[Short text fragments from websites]
● ● ● ● ● ● ●
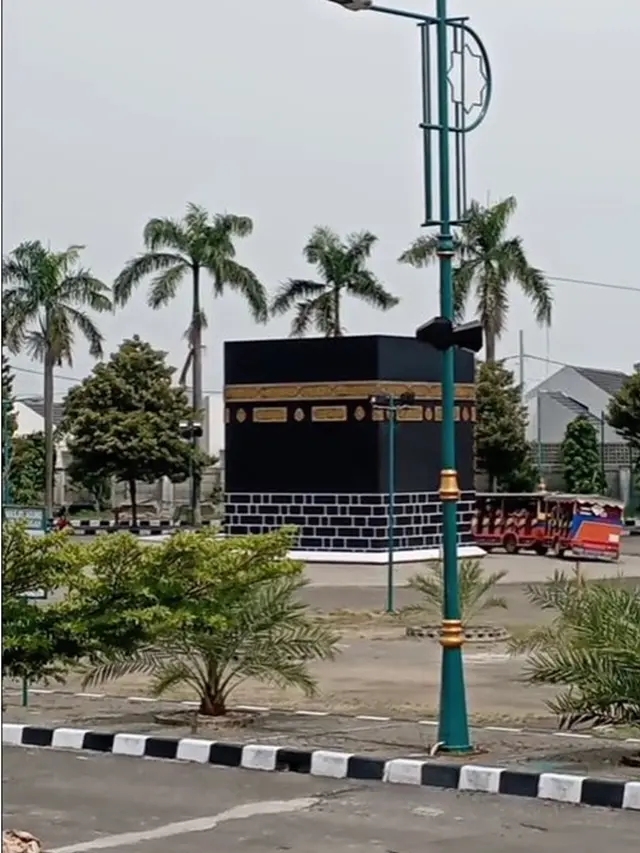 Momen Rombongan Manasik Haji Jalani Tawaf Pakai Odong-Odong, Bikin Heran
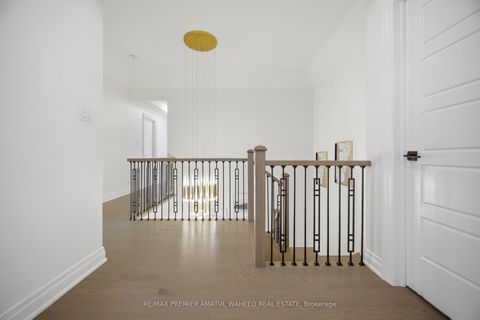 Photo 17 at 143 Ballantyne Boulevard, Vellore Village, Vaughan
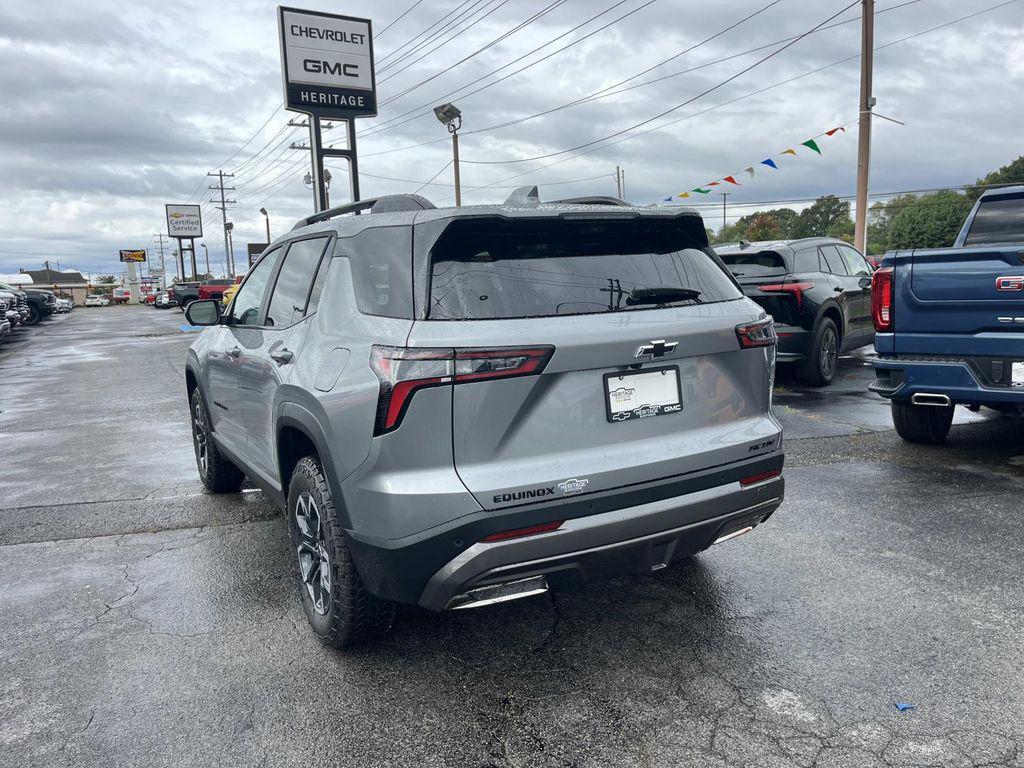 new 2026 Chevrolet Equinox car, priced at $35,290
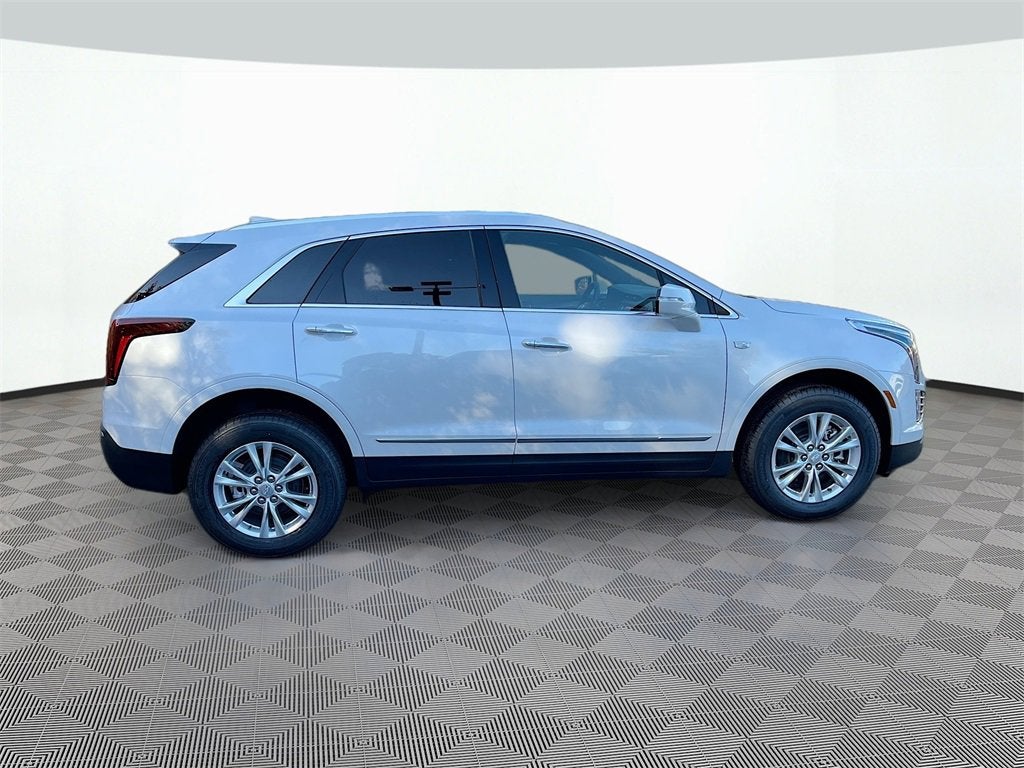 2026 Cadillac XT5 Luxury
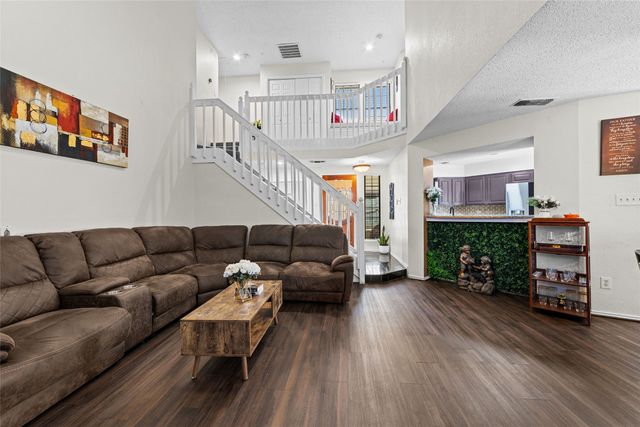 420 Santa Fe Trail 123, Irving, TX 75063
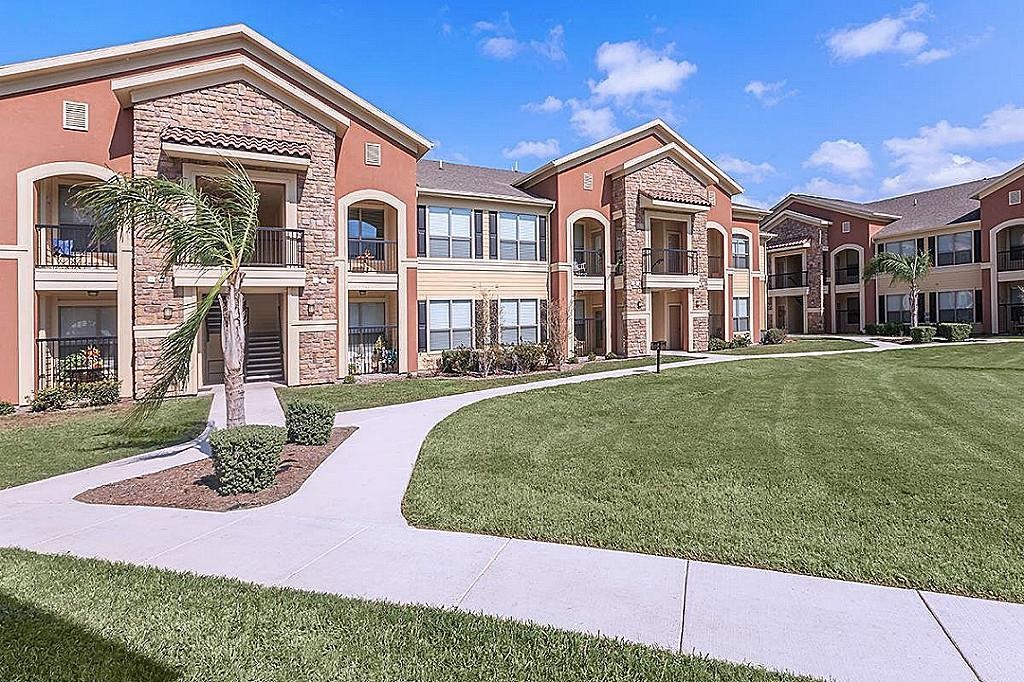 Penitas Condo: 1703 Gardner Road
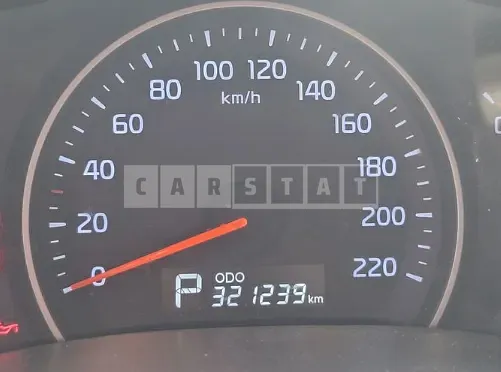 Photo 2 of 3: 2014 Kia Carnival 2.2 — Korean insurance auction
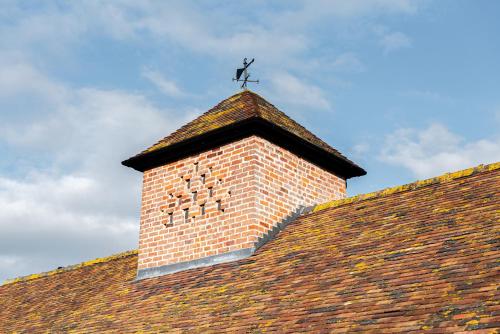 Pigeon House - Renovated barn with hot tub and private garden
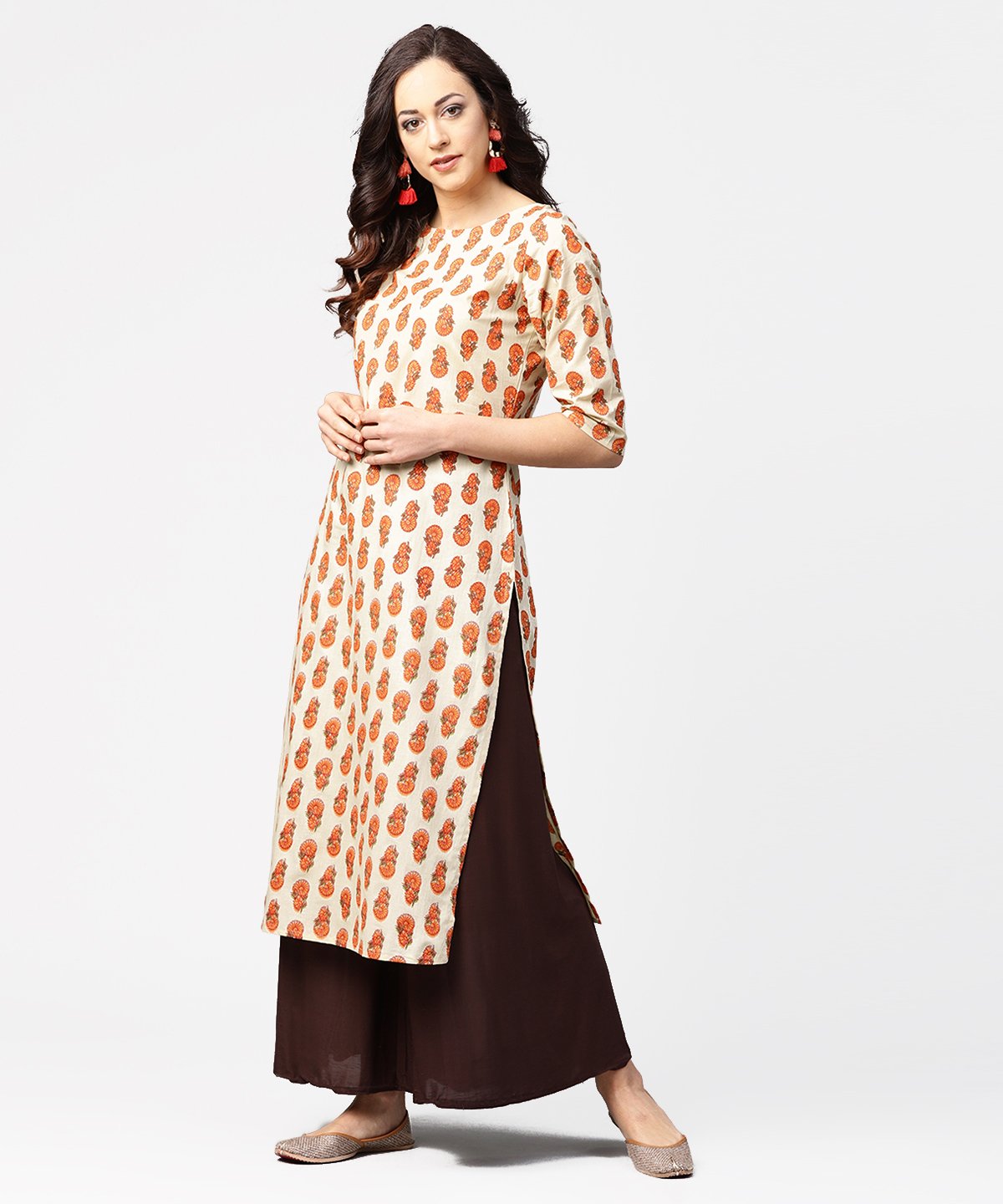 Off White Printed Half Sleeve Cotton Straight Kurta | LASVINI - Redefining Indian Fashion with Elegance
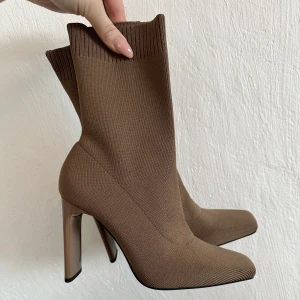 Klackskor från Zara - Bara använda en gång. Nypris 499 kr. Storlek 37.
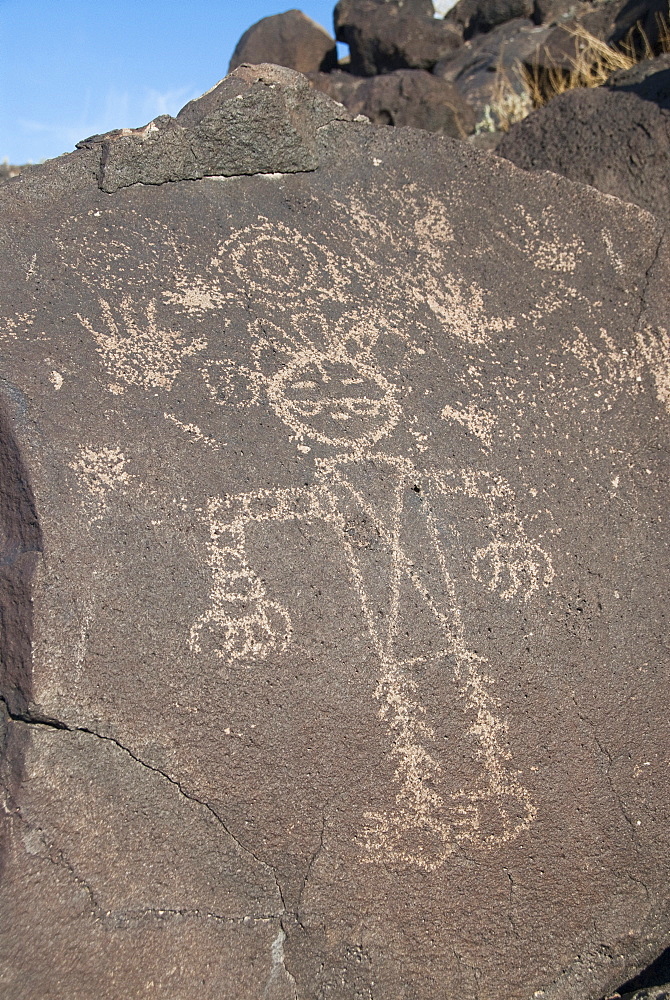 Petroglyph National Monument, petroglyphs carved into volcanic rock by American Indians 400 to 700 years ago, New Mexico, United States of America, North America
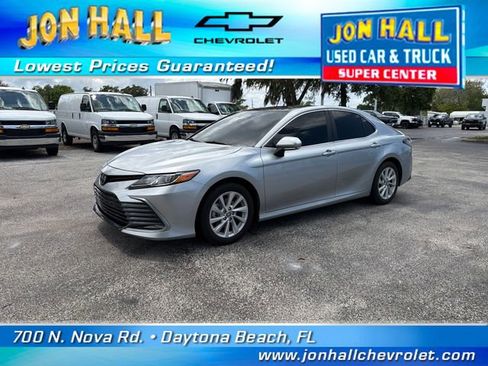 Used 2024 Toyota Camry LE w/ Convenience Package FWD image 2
● ● ● ● ● ● ●
* **Problem to solve**: Here the job is to print all the data exactly, skipping any image.

* **Solution for this exercise**:
 Momen Rombongan Manasik Haji Jalani Tawaf Pakai Odong-Odong, Bikin Heran
 Photo 17 at 143 Ballantyne Boulevard, Vellore Village, Vaughan
 new 2026 Chevrolet Equinox car, priced at $35,290
 2026 Cadillac XT5 Luxury
 420 Santa Fe Trail 123, Irving, TX 75063
 Penitas Condo: 1703 Gardner Road
 Photo 2 of 3: 2014 Kia Carnival 2.2 — Korean insurance auction
 Pigeon House - Renovated barn with hot tub and private garden
 Off White Printed Half Sleeve Cotton Straight Kurta | LASVINI - Redefining Indian Fashion with Elegance
 Klackskor från Zara - Bara använda en gång. Nypris 499 kr. Storlek 37.
 Petroglyph National Monument, petroglyphs carved into volcanic rock by American Indians 400 to 700 years ago, New Mexico, United States of America, North America
 Used 2024 Toyota Camry LE w/ Convenience Package FWD image 2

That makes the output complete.